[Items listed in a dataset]
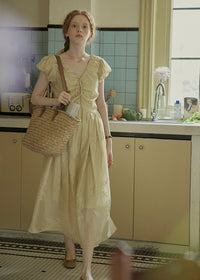 Lemon Yellow Glaze Ruched Dress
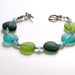 Glass Leaf and Aventurine Bracelet Teal Sage Forest Green Sterling Spring Fashion Gift
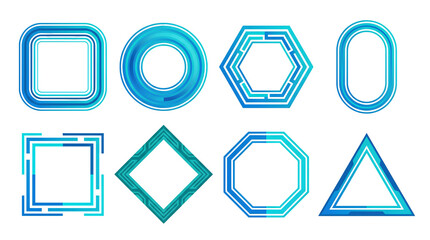 Blue glowing geometric tech frames set including square, circle, hexagon, oval, diamond, and triangle shapes isolated. Digital user interface and cyber border collection.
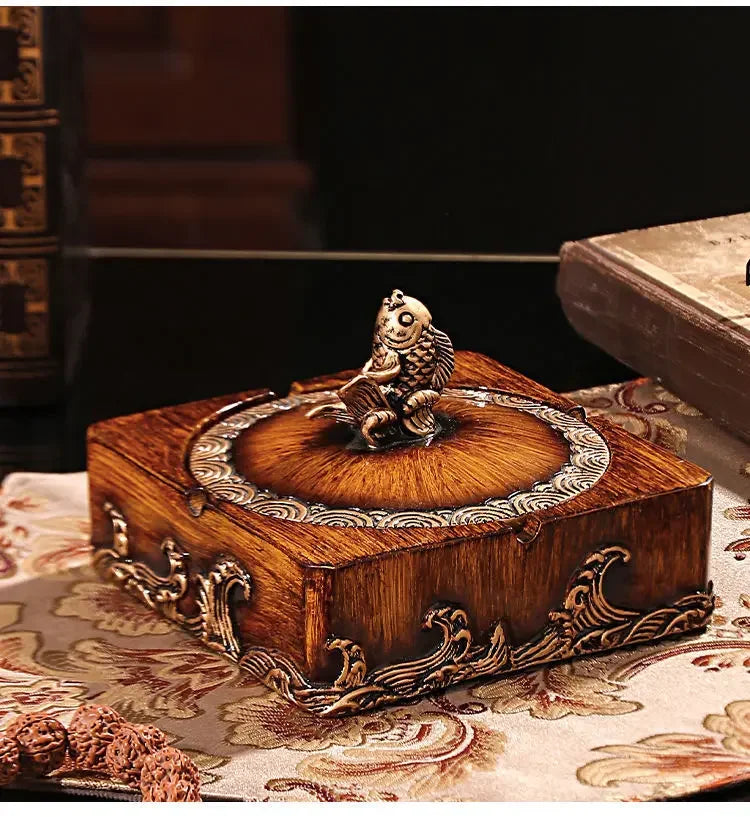 quadratischer aschenbecher aus harz im chinesischen stil mit deckel für wohnzimmer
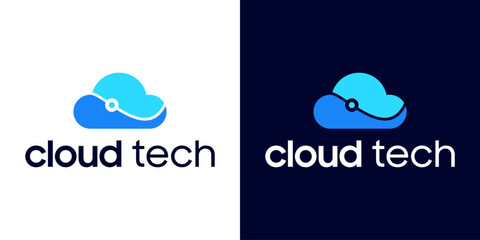 Poster - technology cloud logo design inspiration with simple circuit lines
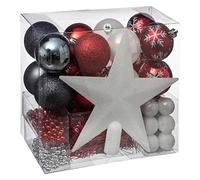 FEERIC LIGHTS & CHRISTMAS Atmosphera - Kits de Adornos navideños con Adornos para la Punta del árbol - Decoraciones Festivas para árboles de Navidad - 44 Piezas en Blanco, Rojo y Azul
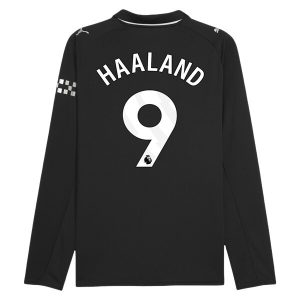 Manchester City 2025/26 Vonkajší Pánsky Futbalový Dres Erling Haaland #9 – Dlhý Rukáv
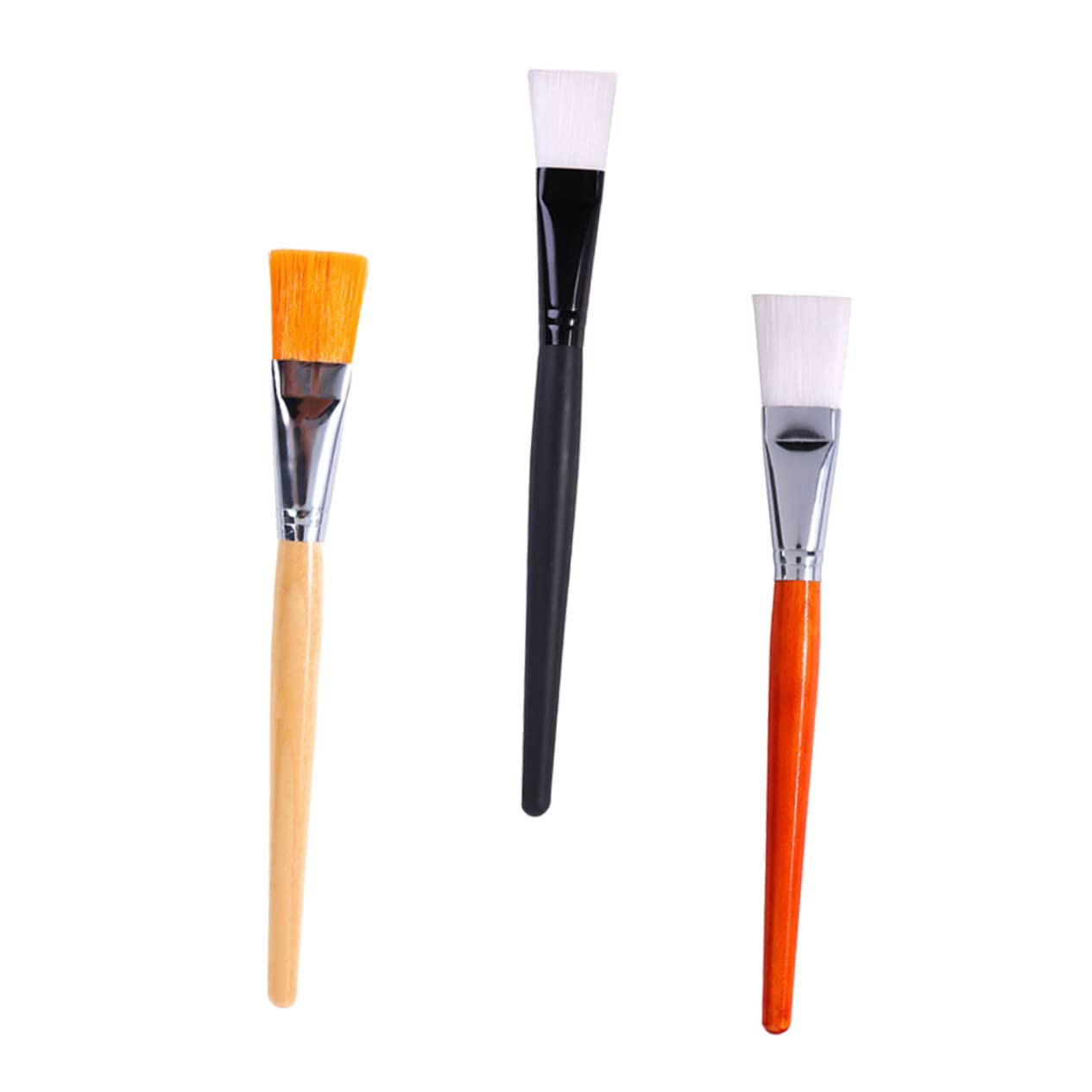 Beavorty 3pcs Handle Mask Applicator Brush DIY Face Mask Tool for Use Gentle Brush Head for Makeup Supplies for Daily Professional Application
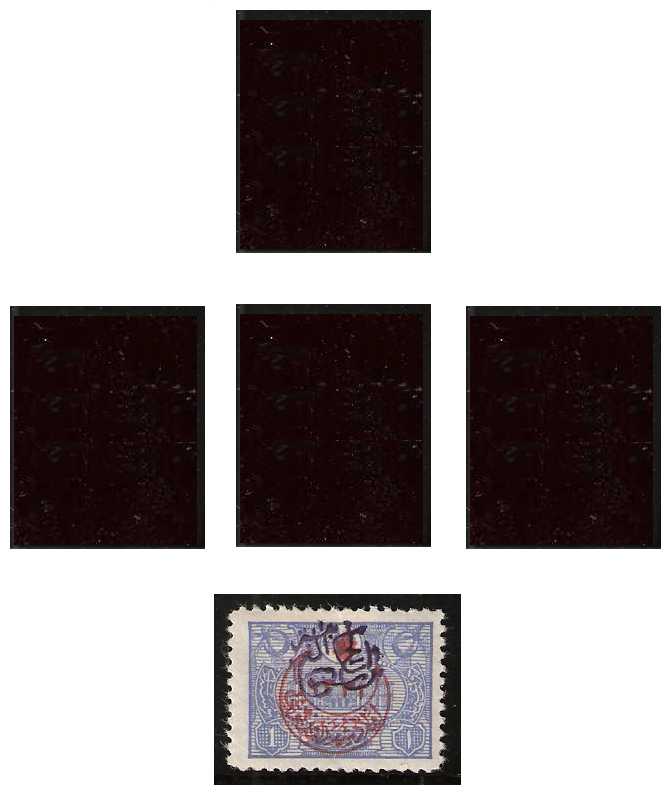 1.1920 Syria, Mi 32/36, King Feyssal, Overprinted 1915 Obligatoiry Tax Stamps of the Ottoman Empire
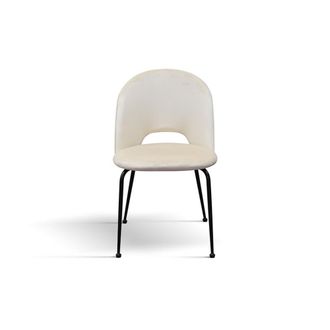 Konte Design Juego de 4 sillas en tejido efecto terciopelo beige, patas antracita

■ **To do**: Starting with the line that holds "Beavorty 3pcs Handle", print each line through the last one of the data exactly as written, but do not include the pictures.

■ **Answer to this exercise**:
 Beavorty 3pcs Handle Mask Applicator Brush DIY Face Mask Tool for Use Gentle Brush Head for Makeup Supplies for Daily Professional Application
 1.1920 Syria, Mi 32/36, King Feyssal, Overprinted 1915 Obligatoiry Tax Stamps of the Ottoman Empire
 Konte Design Juego de 4 sillas en tejido efecto terciopelo beige, patas antracita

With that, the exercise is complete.